Whilst not wishing to undermine the importance of knowledge and skills, we are interested in how to develop attitudes for the particular context of early childhood practice. Within Europe there is a complex array of terminology for those undertaking early childhood courses (kindergarten teachers, pre-school teachers, play workers, early years professionals, early childhood pedagogues), but here we will refer to early childhood practitioners. The breadth of terms also reflects the different disciplines where early childhood practitioners might find themselves working (education, social work, social care, childcare), demonstrating that this project crosses disciplinary boundaries.
Higher Education (HE) institutions are involved in delivering courses to develop the early childhood practitioners of the future and research (Moyles, 2001; Fleer, 2003; Osgood, 2004; Brock, 2006) and our own collaborative ventures with European partners (including organising an international conference and publishing an edited book) have suggested commonalities in the sort of values and attitudes to be promoted in early childhood practitioners (see DfES, 2005 and CoRe, 2011) but have also have raised questions about how HE institutions go about doing this.

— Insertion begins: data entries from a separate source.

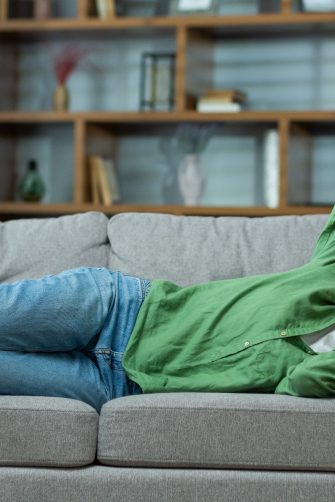 An elderly woman is lying on the sofa at home and suffers from a headache, pressure, tension. holding his head Stress, got sick.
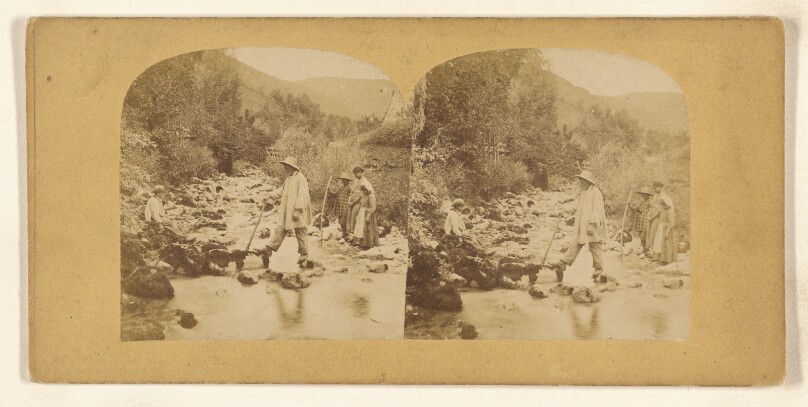 [Group of people, possibly a family, fording a stream]
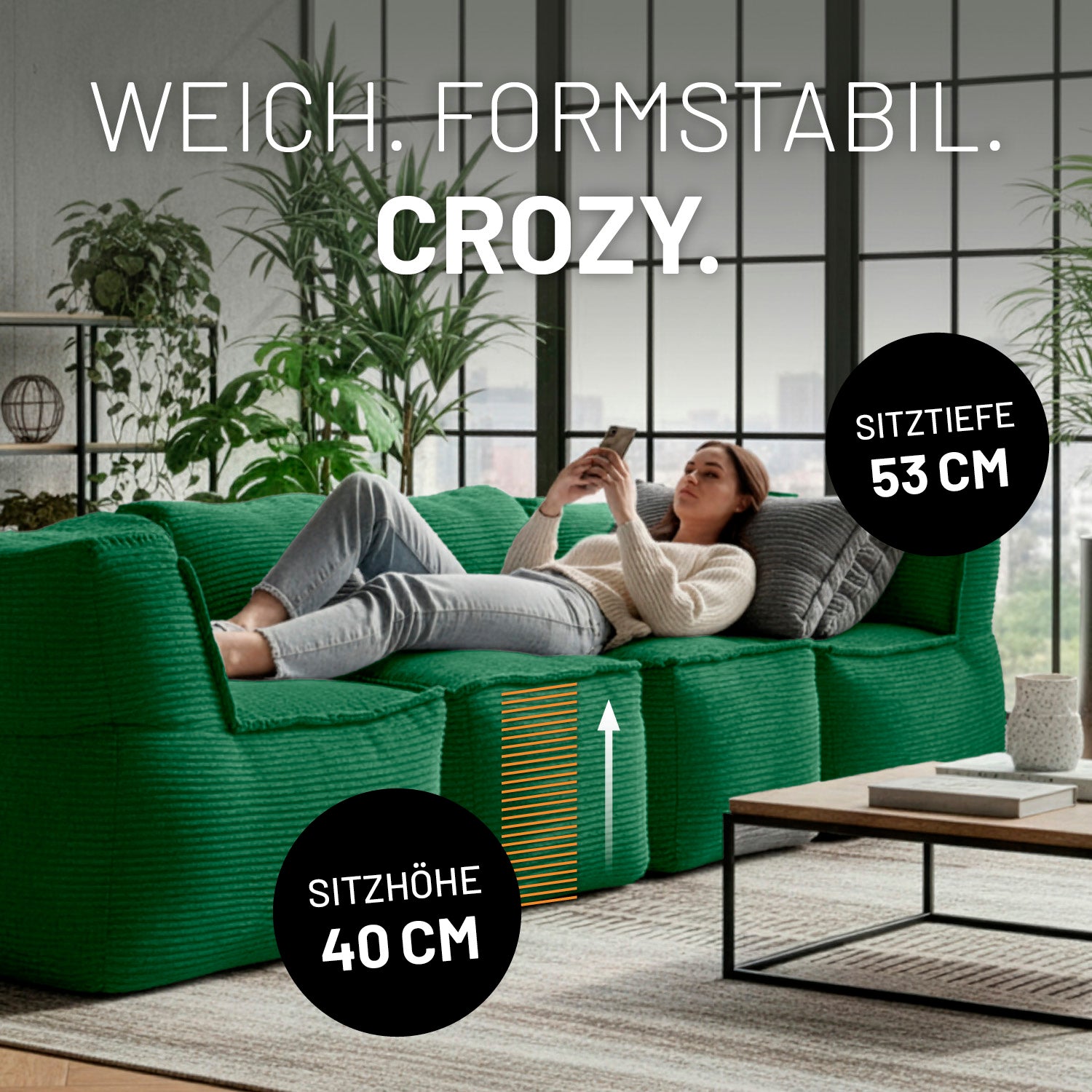 Modulare dunkelgrüne Lounge-Sitzlandschaft mit 40 cm Sitzhöhe und 53 cm Sitztiefe, auf der eine Frau entspannt liegend ihr Smartphone nutzt.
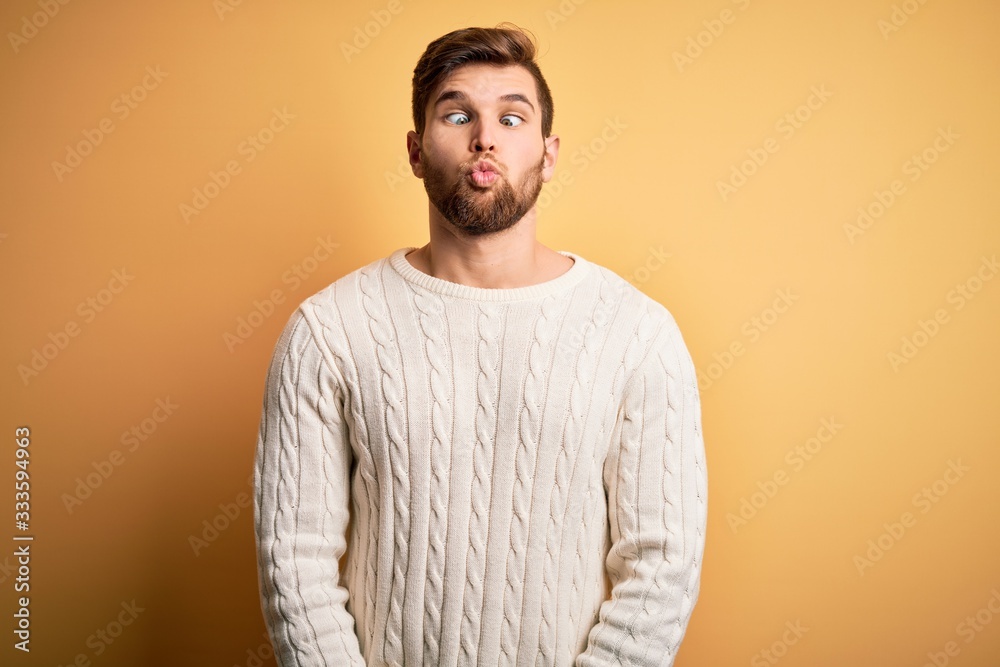 Young blond man with beard and blue eyes wearing white sweater over yellow background making fish face with lips, crazy and comical gesture. Funny expression. Young blond man with beard and blue eyes wearing white sweater over yellow background making fish face with lips, crazy and comical gesture. Funny expression.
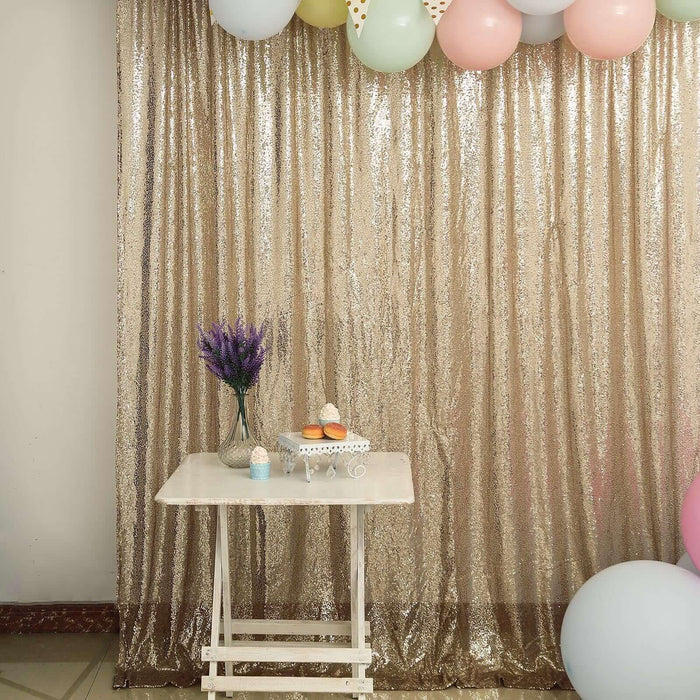 Decorative table with cupcakes and flowers against a shimmering backdrop.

This project therefore seeks to establish What are the key attitudinal competences that HE lecturers and students would advocate for early years practitioners? - Is there commonality when looking at four European countries? How do HE institutions look to develop these key attitudinal competences in their students? - Is there commonality in approach (considering curricula content, time spent studying and practical training) when comparing across four European HE institutions? - What good practice can be identified for sharing?